Turkey is the only country in the eastern Mediterranean that has so far found no proven and probable resources even though, in Syrigos’s estimate, it has spent at least $560 million on acquiring two seismographic research vessels and a drillship. It is also the only country that hasn’t defined its exclusive economic zone with neighbors, and disputes theirs. In 2004, Turkey suggested drawing a line midway between its coast and Egypt’s, riding roughshod over the rights of the countries in between. Egypt politely refused.

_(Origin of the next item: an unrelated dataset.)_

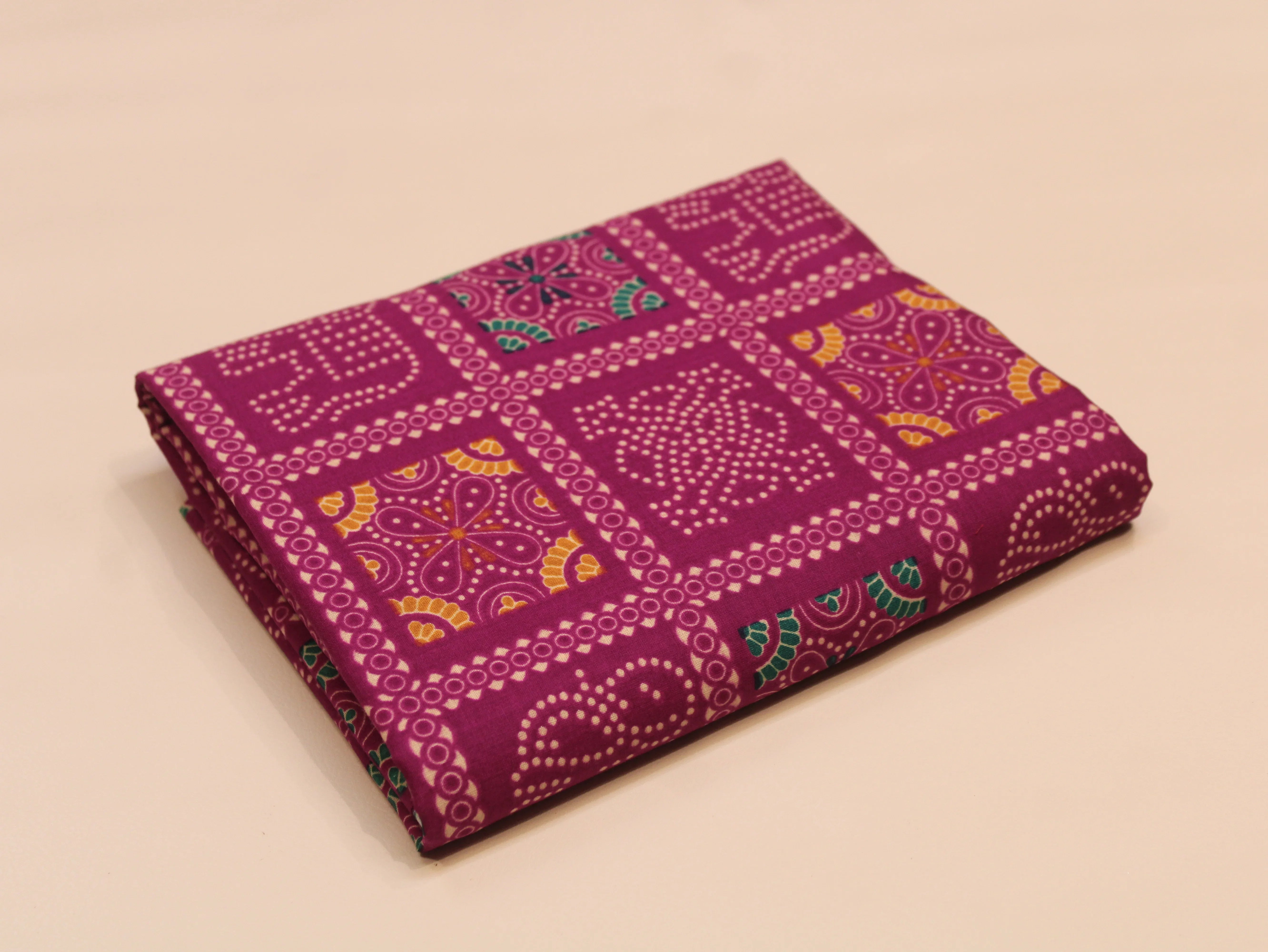 Pure Cotton Premium Printed Fabric 44" Width - Digital Print - Bandhini | Magenta Pink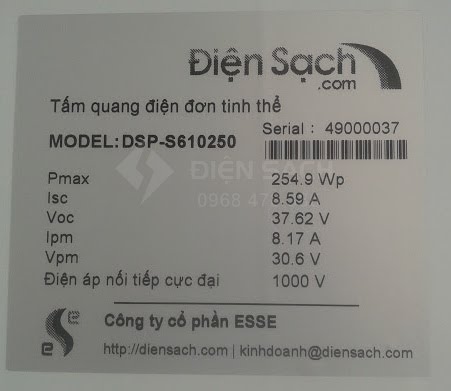 Tấm pin Năng lượng mặt trời 250W MONO - ĐIỆN SẠCH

In 2011, Turkey agreed on an exclusive economic zone (EEZ) with the Turkish Republic of Northern Cyprus. The zone claimed by the TRNC sits almost exactly on top of the zone the Republic of Cyprus had already settled on with its neighbors to the east. The zone claimed by Turkey sits on top of much of the zone Cyprus has agreed on with Egypt to the south. On the same day this agreement was signed, the TRNC signed over the rights in its zone to the Turkish state petroleum company, thus pitting Cyprus directly against Turkey in virtually all its hydrocarbon explorations.

"Turkey’s problem is that it sees that it has been left out of the bonanza, because all the interesting areas lie outside its territorial waters and EEZ,” says energy expert Stambolis. "It’s trying to create problems for Cyprus because its only hope is to take something from Cyprus. . . . So it’s very irritable right now.”

The Southern Corridor is bound to give both Greece and Turkey added importance to the European Union, and that creates a common interest; but in Cyprus their interests clash, and it will be up to their allies to help bridge differences. Regional governments are pushing for East Med, and the size of deposits may eventually advocate in its favor. This makes East Med a political as much as a commercial project. "If the E.U. and the four governments [Israel, Cyprus, Greece, Italy] are aligned behind it, it can find financing,” says Energean’s Rigas. "There will be more discoveries in the region. We’re still at the beginning.”